Thats what would at least be a somewhat 'reasonable', yet as you stated 'misguided' way. But my current investigations lead to the fact that this might be the least significant reason.


EE (and DNR for that matter) is sometimes already on the HD master, maybe 'deliberately', maybe not.


Certain encoders seem to produce an edgy look, without operator intervention. In that case, the misguided 'filter' and then 'sharpen' logic was in the head of the encoder developer. Just as bad for us. Worse for the authoring houses, because they would have to investigate into different encoders to change something.


Other times, the commonly used set of encoding parameters might add ringing and no one notices (or cares) on the controls monitors.


I think we will hopefully see LESS D-Theater tapes that have an EE problem. Those with really heavy problems like Die Hard 3, Phantom Manace or Tombstone, might have the problem in the HD master and would require a new film transfer.


In the case of Sony, its definitely an encoder characteristic, because non-SB and SB encodings (from the same HD master) show a different ringing pattern.

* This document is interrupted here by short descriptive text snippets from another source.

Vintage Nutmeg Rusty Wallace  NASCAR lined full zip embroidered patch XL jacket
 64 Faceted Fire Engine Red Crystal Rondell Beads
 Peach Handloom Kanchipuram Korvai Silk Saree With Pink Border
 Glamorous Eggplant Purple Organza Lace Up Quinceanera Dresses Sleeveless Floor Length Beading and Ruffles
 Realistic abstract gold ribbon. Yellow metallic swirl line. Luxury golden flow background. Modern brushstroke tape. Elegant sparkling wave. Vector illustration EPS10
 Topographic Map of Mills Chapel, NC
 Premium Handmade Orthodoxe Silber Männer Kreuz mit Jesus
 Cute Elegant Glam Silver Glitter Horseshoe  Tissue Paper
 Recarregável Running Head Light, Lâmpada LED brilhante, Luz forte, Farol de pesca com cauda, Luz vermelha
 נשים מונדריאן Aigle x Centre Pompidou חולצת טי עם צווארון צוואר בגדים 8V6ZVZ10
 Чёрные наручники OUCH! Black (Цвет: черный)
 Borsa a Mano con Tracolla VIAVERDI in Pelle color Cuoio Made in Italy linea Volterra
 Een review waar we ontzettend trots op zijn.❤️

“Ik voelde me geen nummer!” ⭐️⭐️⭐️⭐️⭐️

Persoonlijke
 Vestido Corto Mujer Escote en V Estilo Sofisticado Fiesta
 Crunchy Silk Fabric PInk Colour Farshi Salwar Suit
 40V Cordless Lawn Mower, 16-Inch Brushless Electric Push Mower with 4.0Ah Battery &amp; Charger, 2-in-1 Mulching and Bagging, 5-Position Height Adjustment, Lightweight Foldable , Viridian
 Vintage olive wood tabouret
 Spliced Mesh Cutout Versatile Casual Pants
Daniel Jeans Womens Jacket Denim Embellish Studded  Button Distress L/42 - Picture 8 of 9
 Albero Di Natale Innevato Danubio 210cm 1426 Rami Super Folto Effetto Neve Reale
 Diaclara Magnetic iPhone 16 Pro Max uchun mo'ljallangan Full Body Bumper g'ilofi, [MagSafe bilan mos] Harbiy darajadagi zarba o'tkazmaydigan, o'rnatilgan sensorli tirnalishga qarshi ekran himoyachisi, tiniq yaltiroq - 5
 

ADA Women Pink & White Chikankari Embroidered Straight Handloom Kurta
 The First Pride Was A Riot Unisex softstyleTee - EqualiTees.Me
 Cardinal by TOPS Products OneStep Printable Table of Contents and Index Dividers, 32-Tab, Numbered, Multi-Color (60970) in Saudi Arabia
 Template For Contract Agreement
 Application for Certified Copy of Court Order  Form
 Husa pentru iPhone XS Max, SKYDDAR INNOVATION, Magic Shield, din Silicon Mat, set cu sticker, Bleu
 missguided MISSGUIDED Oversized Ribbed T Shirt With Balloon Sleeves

There are a lot of excellent compressionists out there, who really care and are as passionate about this as we are. I had the priviledge to get into contact with some. But you would be surprised to see just how much ignorance and incompetence there can be among some of the others.


It will actually be interesting to see which titles have less to no EE on D-Theater. That would clearly point to the HD master or the encoding as the problem in those titles.


Oh well. Its a shame that we still have to discuss this.